A Estratégia de Médio Prazo para 1996-2001 continua a enfatizar


guerras e conflitos, “para os quais sociedades de múltiplas etnias, culturas ou
religiões oferecem solo mais fértil” (p. 6). Esses conflitos, nascidos do “medo
das diferenças”, ameaçam a segurança global e a coesão social. A ideia de
que “o novo mundo que toma forma é sem dúvida muito menos homogêneo
e, portanto, muito menos ‘governável’ do que parece” (p. 6) ressalta uma
necessidade urgente de conceitos e estratégias que respondam e gerenciem
essas forças. Enquanto a presunção de que populações homogêneas são
mais fáceis de governar que sociedades plurais pode não ser tão evidente, a
observação de que conflitos podem eclodir ao longo de linhas de divisão
percebidas entre populações não pode ser ignorada. O trabalho das Nações
Unidas, de acordo com a Estratégia de Médio Prazo, é tentar trazer ordem a
uma sociedade internacional que está se tornando global e, ao mesmo
tempo, fragmentada (p. 6), notadamente com a construção e a manutenção
da paz sobre as bases de “equidade, justiça e liberdade”. A chave é
encontrar definições de “equidade, justiça e liberdade” que todos os povos
possam aceitar e com as quais possam conviver: em outras palavras,
identificar valores comuns que poderiam constituir as “fundações de um
desejo de conviver” (p. 44). A alta prioridade do Plano de Médio Prazo,
repetida inúmeras vezes, de criar “políticas públicas que ajudem a fortalecer

19
a coesão social dentro de sociedades multiétnicas e multiculturais” (p. 45) e
sua ênfase sobre a necessidade especial de focar “no gerenciamento de
relações intercomunitárias” (p. 45) representam a culminação de uma
tendência iniciada na década de 1980 e cada vez mais proeminente e
importante nos dias atuais.

Como visto acima, a conexão entre cultura e conhecimento fez da


UNESCO um organismo central na busca pela paz; a conexão entre cultura e
política ressaltou importância crucial da identidade cultural na busca por
independência política, a conexão entre cultura e desenvolvimento permitiu
que novos países construíssem poder econômico e se afirmassem no cenário
mundial, e a conexão entre cultura e democracia concentrou sua atenção em
relações culturais infra- e internacionais. Agora, com a aproximação do
século vinte e um, a conexão implícita entre cultura e segurança pode
também servir para reforçar a importância de relações interculturais positivas
como pedra angular da paz internacional, com todo o apoio financeiro e
administrativo que essa prioridade requer.
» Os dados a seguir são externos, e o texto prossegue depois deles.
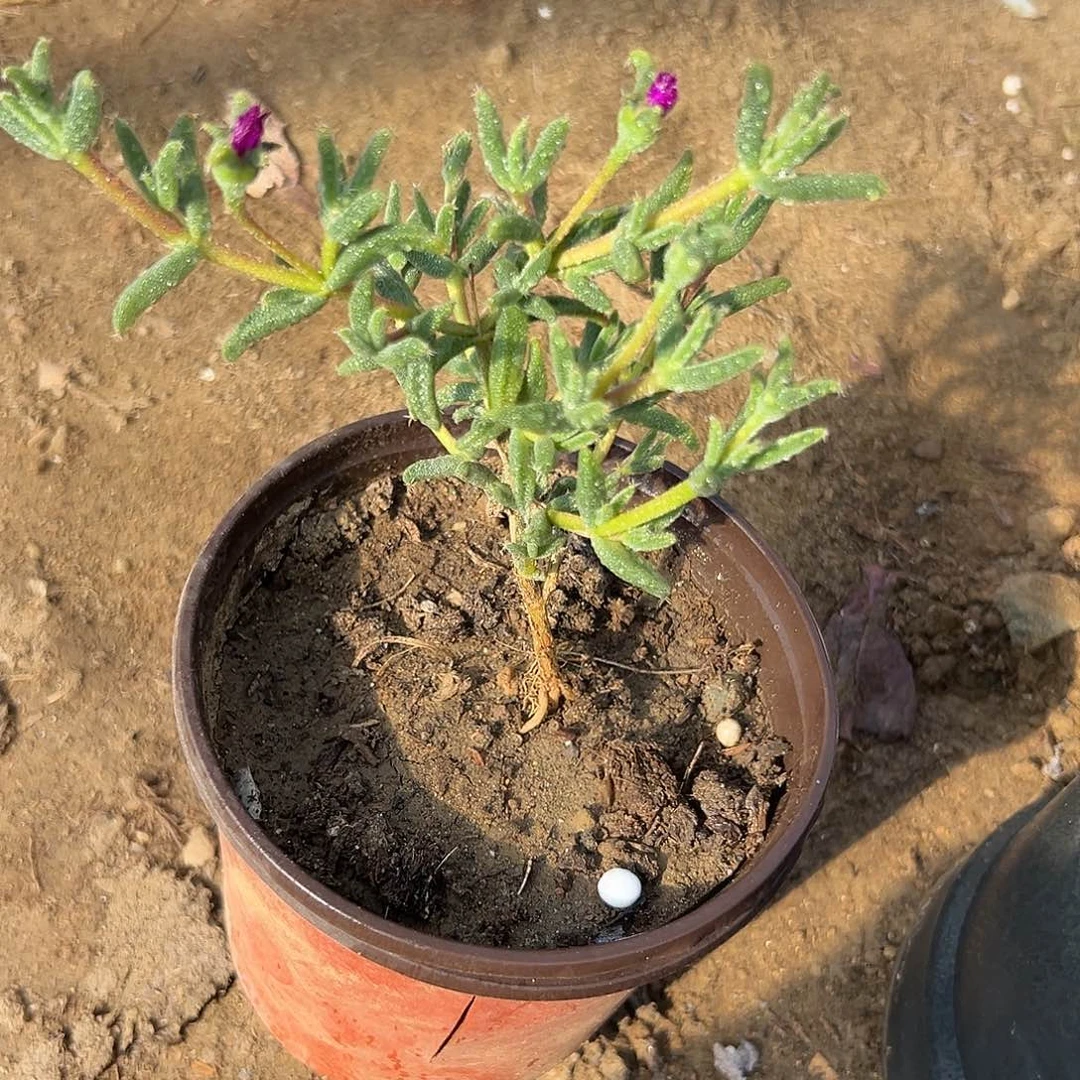 多肉植物玉米枝干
Ao discutir a segurança internacional na Estratégia de Médio Prazo, o


Diretor-Geral cuida em restringir-se ao mandato constitucional específico da
UNESCO de “construir a paz nas mentes dos homens – ao ajudar a
estabelecer as bases intelectuais e morais da reconciliação entre partes em
conflito” (p. 46). De fato, ele não precisaria ter sido tão cuidadoso: um
precedente histórico potencial para o papel da UNESCO na construção da
paz permaneceu inexplorado por décadas. O Diretor-Geral observou, em seu
Relatório de 1952, que existiam bases teóricas para que a UNESCO
participasse de atividades de manutenção da paz (embora nenhum pedido
tenha sido feito para esse serviço ainda): “o programa para 1952 inclui, pela
primeira vez, uma resolução autorizando-me ‘a pedido do Conselho
Econômico e Social das Nações Unidas, e com a aprovação do Conselho
Executivo, a auxiliar, por meio de estudos, pesquisas ou conselho de
especialistas em ciências sociais, a ação das Nações Unidas, seja para
manter a paz em áreas onde conflitos podem surgir, ou, após cessadas as
hostilidades, para restaurar a vida normal das comunidades nacionais em
áreas sujeitas a conflitos’” (p. 198). Esse é, precisamente, o tipo de ação que
poderia ser extremamente utilizado no cenário mundial contemporâneo, se
cuidadosamente planejado e coordenado com a ONU e com outros
organismos internacionais. A UNESCO já percorreu um longo caminho nos
últimos cinquenta anos, mas, apesar de certas mudanças, a continuidade de
seu mandato e missão é, também, evidente. As relações interculturais são,
de fato, um assunto de segurança internacional. Como demonstrou a história
da UNESCO, a necessidade de estudar e gerenciar situações de pluralismo
cultural em todos os níveis sociais permanecerá um foco vital e indispensável
para as atividades da Organização. Essa atenção ao pluralismo cultural
assegurará que a UNESCO permaneça proativa e relevante nas áreas mais
necessárias das relações internacionais atuais.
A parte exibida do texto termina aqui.